Something else that struck me is virtual memory - which in the version I am using now seems to be as high as usual, but the real memory is much more moderate! For a moment I thought I got it all wrong from the start, but that doesn't seem to be right either when looking at the Gifs above that clear show the real memory going as high as the 'memory', which seems to include virtual memory.

Today it looks like this though. Screenshot 2020-02-27 at 20 43 18 Something I don't understand is how 'virtual' memory is even possible without mmap. Could you give a hint?

Regarding the request of running criner in valgrind, I will happily do that but can't promise it to be happening before March - my 'big' computer died yesterday and now I am on a 'small' one which will find docker very punishing.

Feb 27 '20 13:02 Byron

cache_capacity is currently a bit messed up as it uses the on-disk size of things instead of the larger in-memory representation. So, 1gb is not actually the default memory usage, it's the amount of disk space that items loaded in memory will take, which will result in a lot more space in memory being used, at least for smaller keys and values. So, play around with setting it to a much smaller value.

Virtual memory just means that the OS has given the process some chunk of logical space that it may use. This is usually from your memory allocator calling mmap (which doesn't need to be pinned to a file or anything, it can be an anonymous (non-file-backed) map). Maybe some allocators still call sbrk but I don't know. Anyway, that memory only exists as a logical allocation. It's not until your cpu tries to access that memory that a page fault happens and some real space is lazily mapped to the logical space your process was "given". Older versions of Go would always show up as using 1TB of ram, but that was just virtual memory. Master branch was using a ton of virtual memory, not paged-in resident memory. I don't know if your tool actually means Resident Set Size when it says Real Memory, that's not a term I know. But RSS is not very high even with the larger PageTable patches that I just reverted on the master branch, so I don't really know what the deal is with that screenshot.
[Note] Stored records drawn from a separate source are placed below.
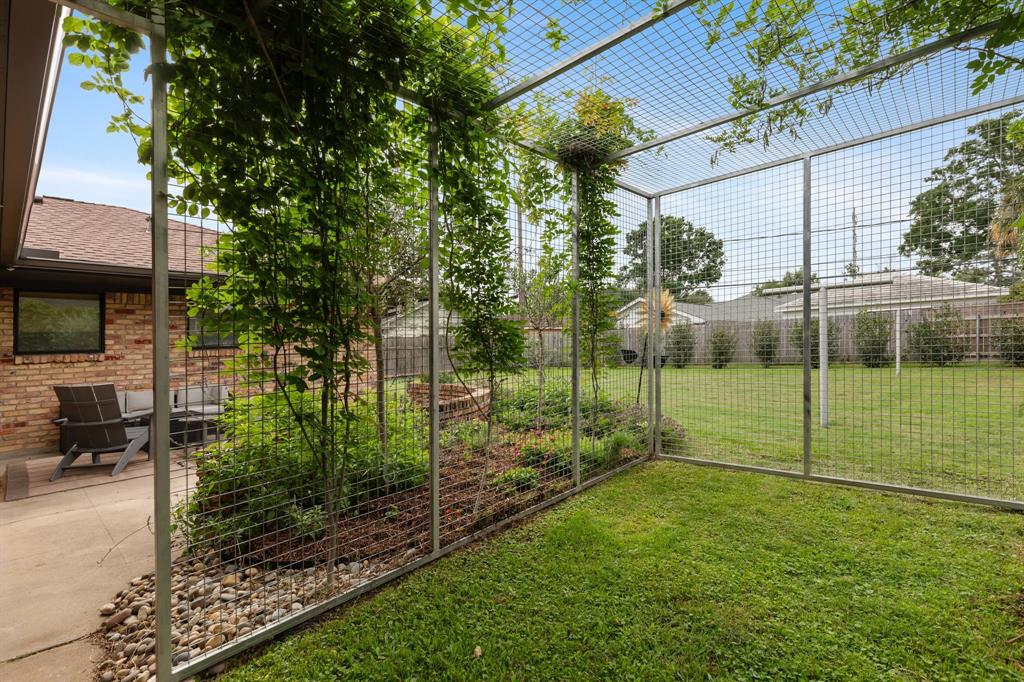 6727 Lindyann Lane, Houston, Texas image 18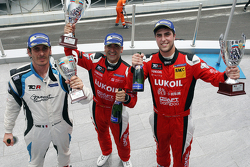 Il vincitore Jordi Gene, SEAT Leon, Craft Bamboo Racing LUKOIL, Il secondo classificato Pepe Oriola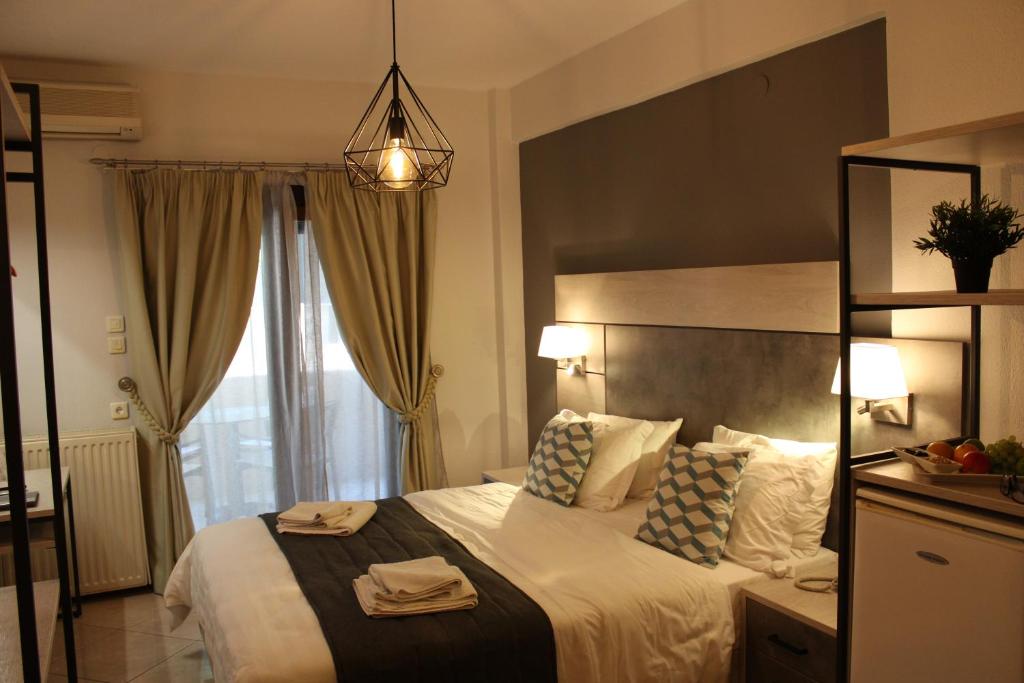 Трехместный (Трехместный номер Делюкс) отеля Meliton Inn Hotel & Suites, Неос-Мармарас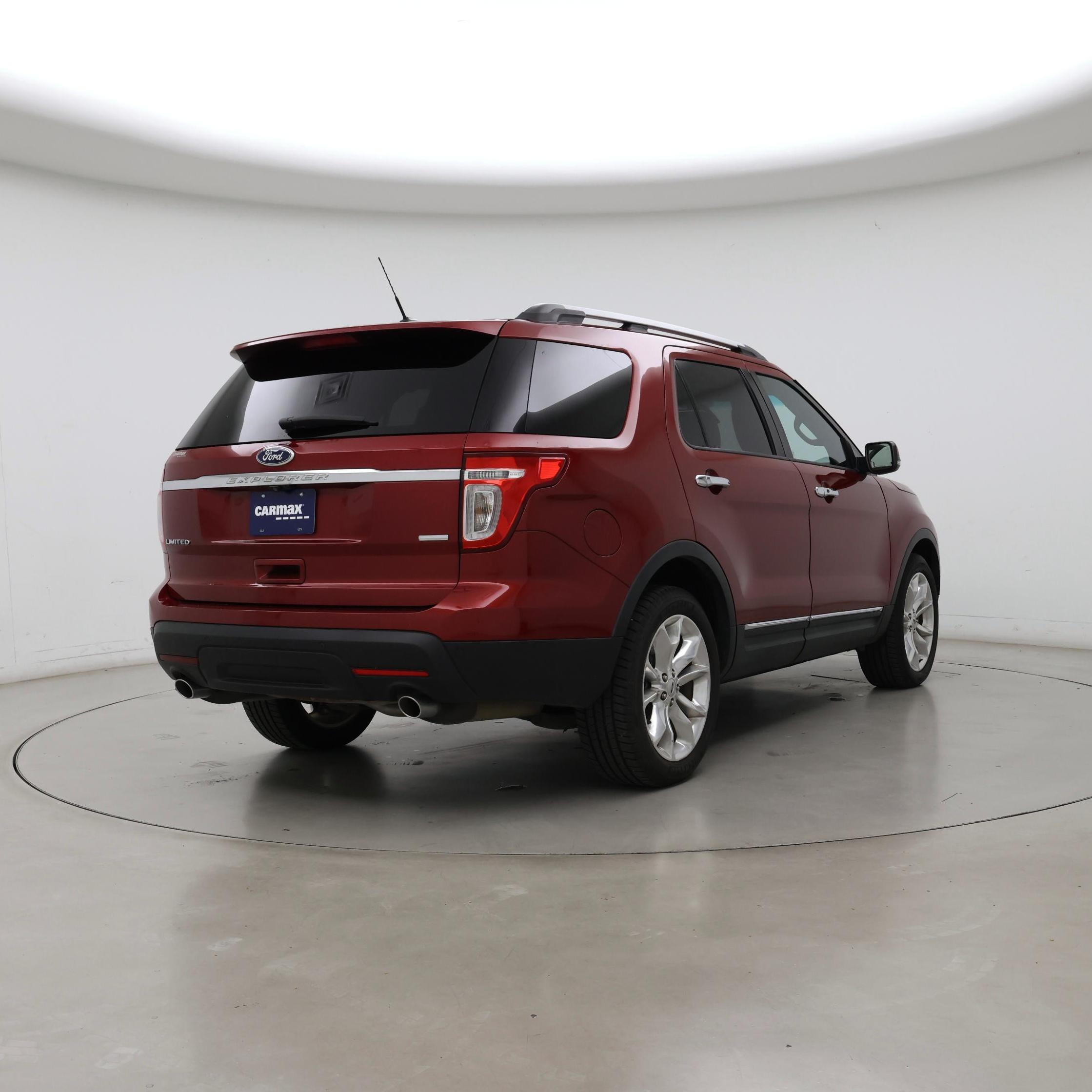 Thumbnail: 2015 Ford Explorer - 8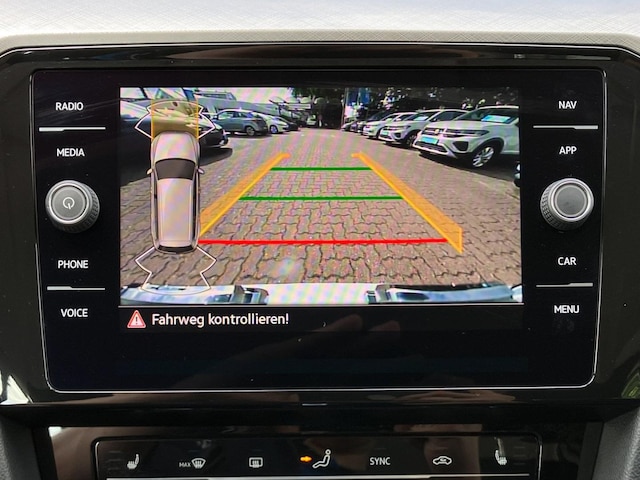 Volkswagen Passat 2.0 TDI Business DSG Variant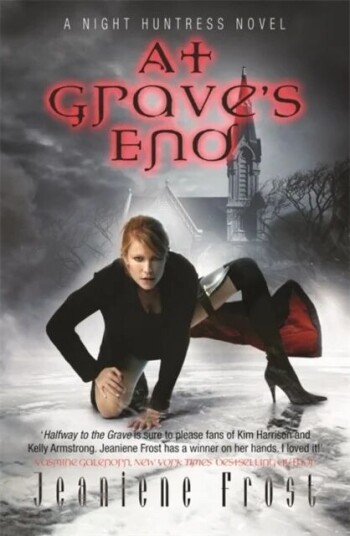 At Grave'S End Av Jeaniene Frost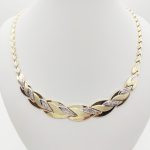 Sárga-fehér arany metszett nyakék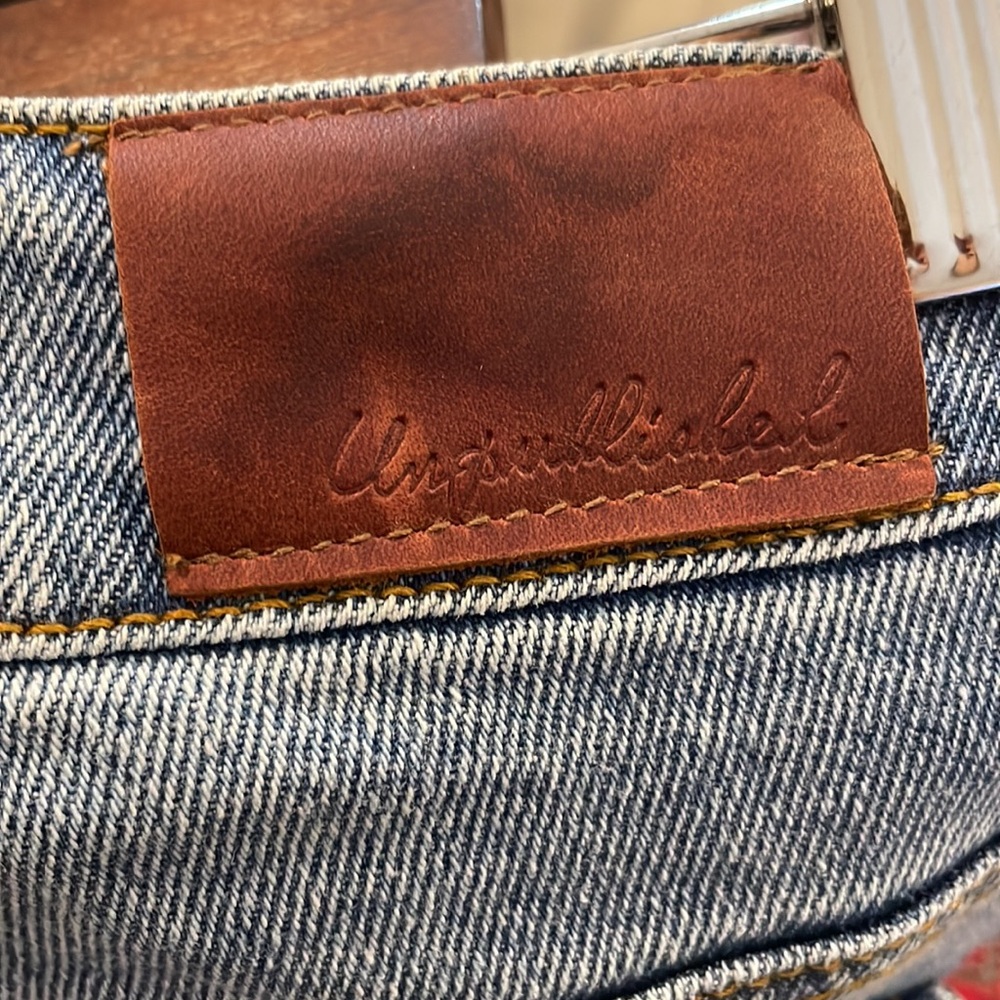 Woman Jeans - Picture 6 of 6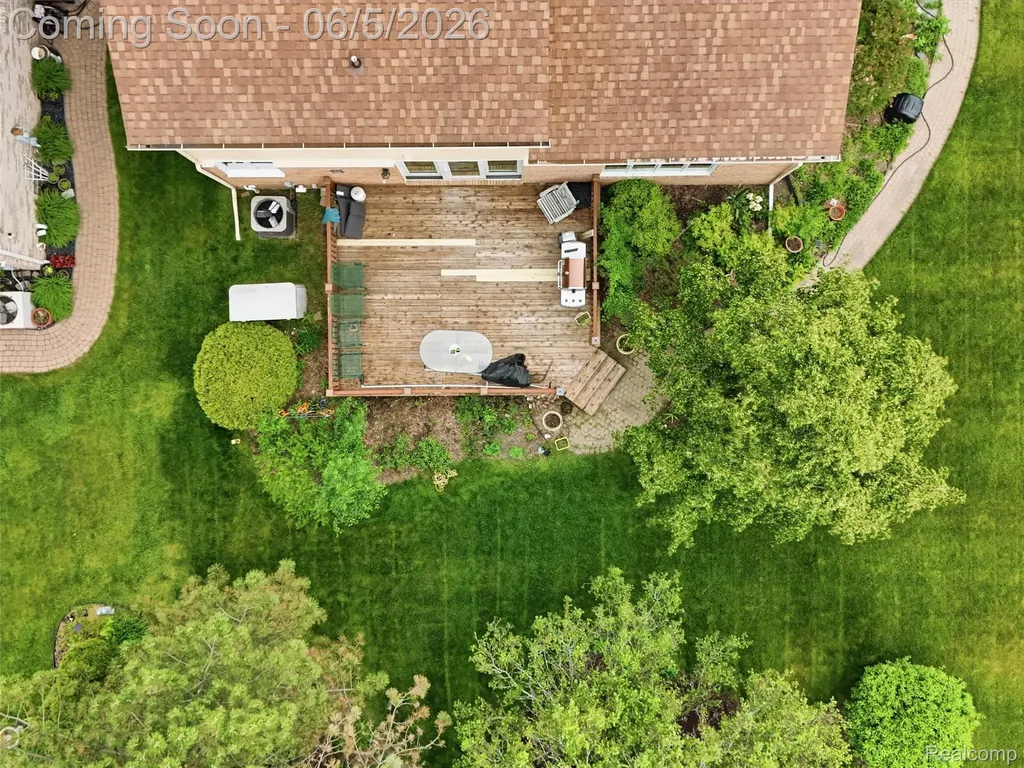 42447 Sheridan Drive Clinton Charter Township MI 48038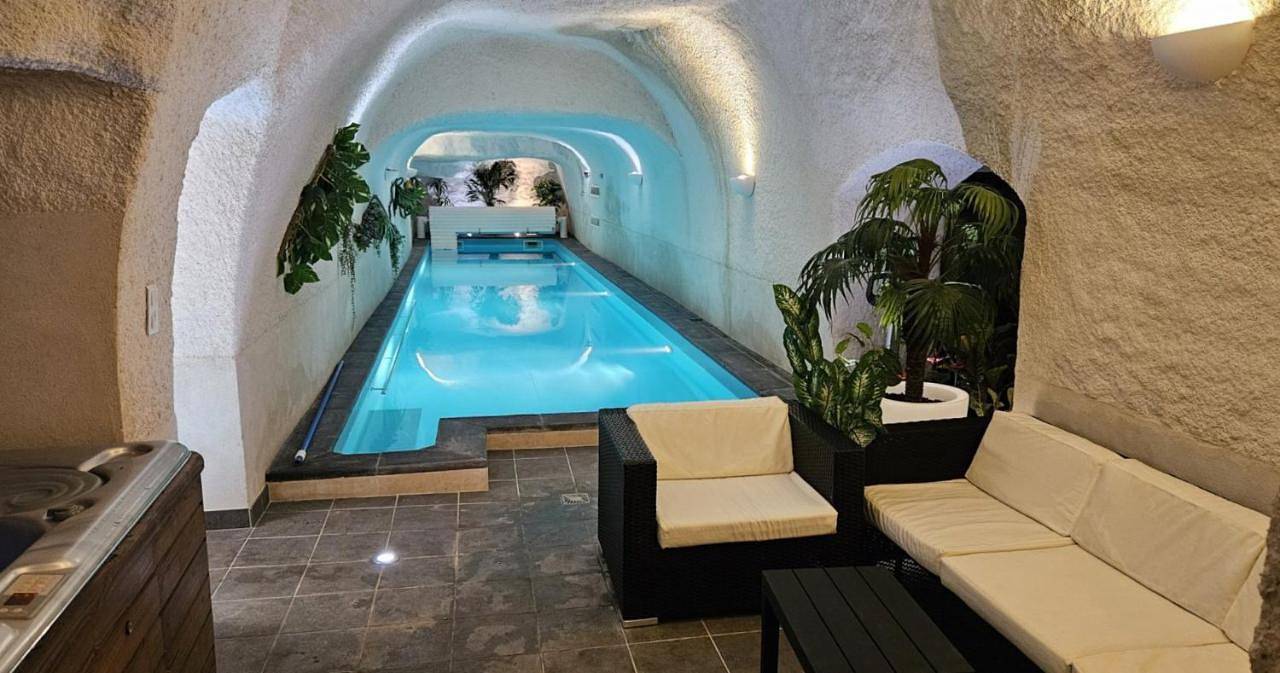 Villa l'Escapade, piscine troglodyte, entre vigne et bien-être in Noizay, Région de Tours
I'm sorry to hear about your computer issue, I hope it doesn't cause too much friction for you!

Feb 29 '20 14:02 spacejam

Thanks for your reply and your sympathy regarding the computer issue - now I am working on a 5 year old MBPro with a proper keyboard, and enjoying it tremendously :).

Despite valuing your help and input tremendously, I had to make the hard decision to switch to another database to have better control over space consumption and memory usage. It was quite some work and it wasn't without its pains, so I wrote about the entire experience hoping that others, including Sled, can benefit.

https://github.com/crates-io/criner/issues/1

I will keep checking on Sleds progress and hope that other projects of mine can use it some time in the future.

Please feel free to close this issue if it's not substantial enough for being fixed directly.

Mar 08 '20 05:03 Byron

I'm currently looking into this approach for dealing with this: https://github.com/spacejam/sled/issues/1093

Jun 04 '20 09:06 spacejam